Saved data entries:
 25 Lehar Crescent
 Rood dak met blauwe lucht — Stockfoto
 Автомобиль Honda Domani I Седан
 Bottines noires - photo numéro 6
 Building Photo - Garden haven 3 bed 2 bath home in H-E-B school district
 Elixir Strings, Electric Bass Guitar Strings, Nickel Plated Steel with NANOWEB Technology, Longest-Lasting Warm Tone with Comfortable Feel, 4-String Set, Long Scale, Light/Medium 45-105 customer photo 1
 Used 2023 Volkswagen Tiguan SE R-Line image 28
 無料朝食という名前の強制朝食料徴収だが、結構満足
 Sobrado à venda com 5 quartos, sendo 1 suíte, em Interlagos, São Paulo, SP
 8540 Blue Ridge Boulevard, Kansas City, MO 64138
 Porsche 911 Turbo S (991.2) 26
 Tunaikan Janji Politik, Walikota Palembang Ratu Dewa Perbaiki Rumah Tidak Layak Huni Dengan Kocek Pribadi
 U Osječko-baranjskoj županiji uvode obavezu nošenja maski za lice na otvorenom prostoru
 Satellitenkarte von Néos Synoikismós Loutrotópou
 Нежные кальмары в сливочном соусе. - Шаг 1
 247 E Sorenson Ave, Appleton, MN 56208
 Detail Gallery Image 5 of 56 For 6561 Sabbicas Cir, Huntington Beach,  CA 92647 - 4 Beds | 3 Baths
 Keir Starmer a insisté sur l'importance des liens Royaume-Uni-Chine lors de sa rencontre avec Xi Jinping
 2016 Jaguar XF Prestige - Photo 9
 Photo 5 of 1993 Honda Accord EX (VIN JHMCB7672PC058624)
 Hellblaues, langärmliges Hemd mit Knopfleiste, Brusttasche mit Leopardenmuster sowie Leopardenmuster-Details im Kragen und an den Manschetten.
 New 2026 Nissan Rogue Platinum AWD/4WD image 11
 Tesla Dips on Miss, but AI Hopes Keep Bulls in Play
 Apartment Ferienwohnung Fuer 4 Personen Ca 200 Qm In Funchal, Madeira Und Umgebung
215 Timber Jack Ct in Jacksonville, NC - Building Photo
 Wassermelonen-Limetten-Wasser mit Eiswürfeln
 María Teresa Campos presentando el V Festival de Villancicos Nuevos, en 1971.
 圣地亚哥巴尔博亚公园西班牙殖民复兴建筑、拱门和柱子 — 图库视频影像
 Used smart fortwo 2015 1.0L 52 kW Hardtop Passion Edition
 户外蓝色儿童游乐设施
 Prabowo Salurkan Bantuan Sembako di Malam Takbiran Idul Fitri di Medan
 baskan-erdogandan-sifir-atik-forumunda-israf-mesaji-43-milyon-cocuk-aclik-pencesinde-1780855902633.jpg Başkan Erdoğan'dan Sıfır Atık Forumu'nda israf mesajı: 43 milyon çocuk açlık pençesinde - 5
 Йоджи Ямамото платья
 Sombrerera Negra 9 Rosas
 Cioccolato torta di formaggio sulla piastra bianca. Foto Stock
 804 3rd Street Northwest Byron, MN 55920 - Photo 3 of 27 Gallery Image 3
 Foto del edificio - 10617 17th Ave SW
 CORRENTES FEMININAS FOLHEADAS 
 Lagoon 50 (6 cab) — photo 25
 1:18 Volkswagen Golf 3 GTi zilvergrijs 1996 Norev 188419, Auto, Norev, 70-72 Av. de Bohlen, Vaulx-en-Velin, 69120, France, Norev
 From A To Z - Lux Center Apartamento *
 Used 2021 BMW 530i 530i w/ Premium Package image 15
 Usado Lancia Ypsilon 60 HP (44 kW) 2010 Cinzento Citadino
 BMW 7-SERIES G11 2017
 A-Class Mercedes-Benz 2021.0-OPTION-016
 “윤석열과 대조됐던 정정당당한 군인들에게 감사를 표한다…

**About this exercise**
All lines in the records with the string "Volkswagen" should be copied out.

**Solution for this task**
 Used 2023 Volkswagen Tiguan SE R-Line image 28
 1:18 Volkswagen Golf 3 GTi zilvergrijs 1996 Norev 188419, Auto, Norev, 70-72 Av. de Bohlen, Vaulx-en-Velin, 69120, France, Norev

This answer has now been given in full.